On Thursday evening, China’s People’s Liberation Army (PLA) released ten Indian army personnel, including two officers, who were involved in Galwan Valley “violent faceoff”, from their custody, reported The Indian Express.
The release of army personnels were secured after hectic negotiations between the two sides, including three rounds of talks at the Major General level from Tuesday to Thursday, unnamed officials told The Indian Express.
So on Thursday, when the army statement claimed that “no soldier was missing”, it meant that all army personnels, who were involved in the deadliest clash of the four decades, had been accounted for, the report added. The statement did not provide any details about the army personnels in Chinese custody.
The statement sent out by India’s Ministry of External Affairs’ spokesperson Anurag Srivastava on Tuesday claimed: “India and China have been discussing through military and diplomatic channels the de-escalation of the situation in the border area in Eastern Ladakh.”
On Tuesday, the Indian army also issued a statement, claiming, “Indian and Chinese troops have disengaged at the Galwan area where they had earlier clashed on the night of 15/16 June 2020.” The army added that it “is firmly committed to protecting the territorial integrity and sovereignty of the nation.”
Unnamed officers told The Indian Express that the incident on Monday night took place in the area between the Line of Actual Control and junction of Galwan and Shyok rivers to the west. And the talks of disengagement were held at Patrolling Point 14 (PP 14), which is close to the point where the LAC crosses Galwan river.
As part of de-escalation, the two sides had agreed to create a ‘buffer zone’ – a no-man’s land – between the LAC and the junction of Galwan and Shyok rivers, the report claimed.

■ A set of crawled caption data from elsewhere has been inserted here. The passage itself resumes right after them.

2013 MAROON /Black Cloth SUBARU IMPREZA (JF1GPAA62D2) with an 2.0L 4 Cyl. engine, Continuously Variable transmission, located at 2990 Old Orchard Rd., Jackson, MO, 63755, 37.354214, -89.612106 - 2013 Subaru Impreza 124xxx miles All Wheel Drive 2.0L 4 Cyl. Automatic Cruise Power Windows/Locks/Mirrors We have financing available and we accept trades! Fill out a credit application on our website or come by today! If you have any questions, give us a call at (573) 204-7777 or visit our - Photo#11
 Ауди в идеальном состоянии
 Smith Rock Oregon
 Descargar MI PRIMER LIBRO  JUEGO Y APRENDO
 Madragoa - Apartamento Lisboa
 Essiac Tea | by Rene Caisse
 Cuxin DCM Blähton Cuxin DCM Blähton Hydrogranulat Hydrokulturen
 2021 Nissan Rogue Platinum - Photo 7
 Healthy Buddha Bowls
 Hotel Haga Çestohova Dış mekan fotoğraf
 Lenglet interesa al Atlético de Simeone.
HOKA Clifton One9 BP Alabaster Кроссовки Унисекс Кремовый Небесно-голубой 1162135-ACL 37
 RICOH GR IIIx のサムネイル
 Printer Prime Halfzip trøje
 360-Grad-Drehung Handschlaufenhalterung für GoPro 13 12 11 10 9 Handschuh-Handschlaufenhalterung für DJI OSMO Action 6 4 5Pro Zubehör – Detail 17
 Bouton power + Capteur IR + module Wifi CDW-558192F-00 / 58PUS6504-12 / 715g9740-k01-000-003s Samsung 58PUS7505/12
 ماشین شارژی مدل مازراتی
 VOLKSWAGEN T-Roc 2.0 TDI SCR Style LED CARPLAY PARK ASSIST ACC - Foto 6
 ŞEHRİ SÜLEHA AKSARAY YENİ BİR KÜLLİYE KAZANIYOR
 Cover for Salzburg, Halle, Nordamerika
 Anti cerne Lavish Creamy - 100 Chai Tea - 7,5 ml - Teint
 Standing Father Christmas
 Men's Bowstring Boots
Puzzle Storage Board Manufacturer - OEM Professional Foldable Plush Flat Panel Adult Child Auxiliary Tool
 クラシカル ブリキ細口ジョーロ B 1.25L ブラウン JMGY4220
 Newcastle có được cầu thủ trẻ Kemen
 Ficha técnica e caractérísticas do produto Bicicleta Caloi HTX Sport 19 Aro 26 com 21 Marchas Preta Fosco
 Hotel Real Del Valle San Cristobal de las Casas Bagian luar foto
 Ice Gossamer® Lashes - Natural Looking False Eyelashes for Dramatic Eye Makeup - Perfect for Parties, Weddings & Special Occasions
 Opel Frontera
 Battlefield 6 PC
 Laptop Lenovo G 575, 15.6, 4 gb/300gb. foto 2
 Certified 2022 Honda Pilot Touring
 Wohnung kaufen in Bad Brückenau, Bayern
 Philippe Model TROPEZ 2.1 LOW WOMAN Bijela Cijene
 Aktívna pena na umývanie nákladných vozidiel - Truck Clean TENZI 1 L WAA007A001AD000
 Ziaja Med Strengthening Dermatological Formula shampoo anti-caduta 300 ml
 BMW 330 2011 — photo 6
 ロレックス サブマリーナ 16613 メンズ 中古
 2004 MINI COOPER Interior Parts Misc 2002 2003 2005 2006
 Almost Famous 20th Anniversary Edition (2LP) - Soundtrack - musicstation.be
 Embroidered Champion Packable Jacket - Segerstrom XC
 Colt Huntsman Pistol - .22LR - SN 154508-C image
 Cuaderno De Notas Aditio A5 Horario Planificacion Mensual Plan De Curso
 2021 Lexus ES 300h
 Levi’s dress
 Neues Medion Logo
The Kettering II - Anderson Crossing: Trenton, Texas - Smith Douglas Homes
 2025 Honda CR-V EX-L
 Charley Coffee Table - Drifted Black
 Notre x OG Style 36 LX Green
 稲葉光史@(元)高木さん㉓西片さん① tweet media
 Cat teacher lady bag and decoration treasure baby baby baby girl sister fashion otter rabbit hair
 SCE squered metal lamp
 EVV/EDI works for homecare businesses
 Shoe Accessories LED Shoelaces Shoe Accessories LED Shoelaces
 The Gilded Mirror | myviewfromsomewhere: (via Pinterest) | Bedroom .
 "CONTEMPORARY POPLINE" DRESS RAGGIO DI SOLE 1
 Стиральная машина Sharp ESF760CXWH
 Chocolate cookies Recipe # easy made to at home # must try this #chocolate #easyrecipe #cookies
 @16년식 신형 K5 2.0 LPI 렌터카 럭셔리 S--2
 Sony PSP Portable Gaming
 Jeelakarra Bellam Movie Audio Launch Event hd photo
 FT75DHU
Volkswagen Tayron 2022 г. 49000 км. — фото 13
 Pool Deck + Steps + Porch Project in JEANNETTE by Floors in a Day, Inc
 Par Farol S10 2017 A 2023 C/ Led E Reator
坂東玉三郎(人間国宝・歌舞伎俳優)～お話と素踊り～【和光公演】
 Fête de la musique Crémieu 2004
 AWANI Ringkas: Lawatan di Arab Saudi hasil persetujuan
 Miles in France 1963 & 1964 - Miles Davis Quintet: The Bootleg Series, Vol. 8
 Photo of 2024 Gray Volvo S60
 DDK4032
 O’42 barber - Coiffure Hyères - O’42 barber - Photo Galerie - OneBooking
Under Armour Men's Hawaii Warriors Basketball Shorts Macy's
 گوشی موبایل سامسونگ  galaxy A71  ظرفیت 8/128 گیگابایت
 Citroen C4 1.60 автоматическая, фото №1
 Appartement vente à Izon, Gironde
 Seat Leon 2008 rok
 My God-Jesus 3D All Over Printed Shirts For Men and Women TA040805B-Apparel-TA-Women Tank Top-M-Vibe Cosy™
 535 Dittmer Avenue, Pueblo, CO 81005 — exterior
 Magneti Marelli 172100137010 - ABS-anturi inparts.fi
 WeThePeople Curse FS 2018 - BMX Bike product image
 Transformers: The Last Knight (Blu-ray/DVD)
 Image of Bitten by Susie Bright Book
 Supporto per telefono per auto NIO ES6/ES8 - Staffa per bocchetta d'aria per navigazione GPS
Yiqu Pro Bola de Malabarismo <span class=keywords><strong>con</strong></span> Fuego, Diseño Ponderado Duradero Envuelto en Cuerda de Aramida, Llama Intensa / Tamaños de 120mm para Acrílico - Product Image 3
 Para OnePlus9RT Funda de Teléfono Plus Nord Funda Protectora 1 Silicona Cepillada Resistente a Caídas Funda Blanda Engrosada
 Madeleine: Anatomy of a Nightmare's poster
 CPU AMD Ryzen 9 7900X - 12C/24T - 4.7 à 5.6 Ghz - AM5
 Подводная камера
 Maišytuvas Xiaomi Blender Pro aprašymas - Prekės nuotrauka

The Indian side was supposed to stay to the west of the river junction and the Chinese to the east of the LAC — to prevent faceoffs.
An argument, officers said, started over the position of Chinese soldiers who had started erecting a new post on the southern bank of Galwan river in this ‘buffer zone’.
The Indian army claimed that both sides suffered casualties. However, there has been no official word on this from China. On Tuesday, China’s Foreign Ministry spokesperson, Zhao Lijian, said: “India troops crossed the borderline twice on Monday provoking and attacking Chinese personnel resulting in serious physical confrontation between border forces on the two sides,” reported an international news agency, AFP.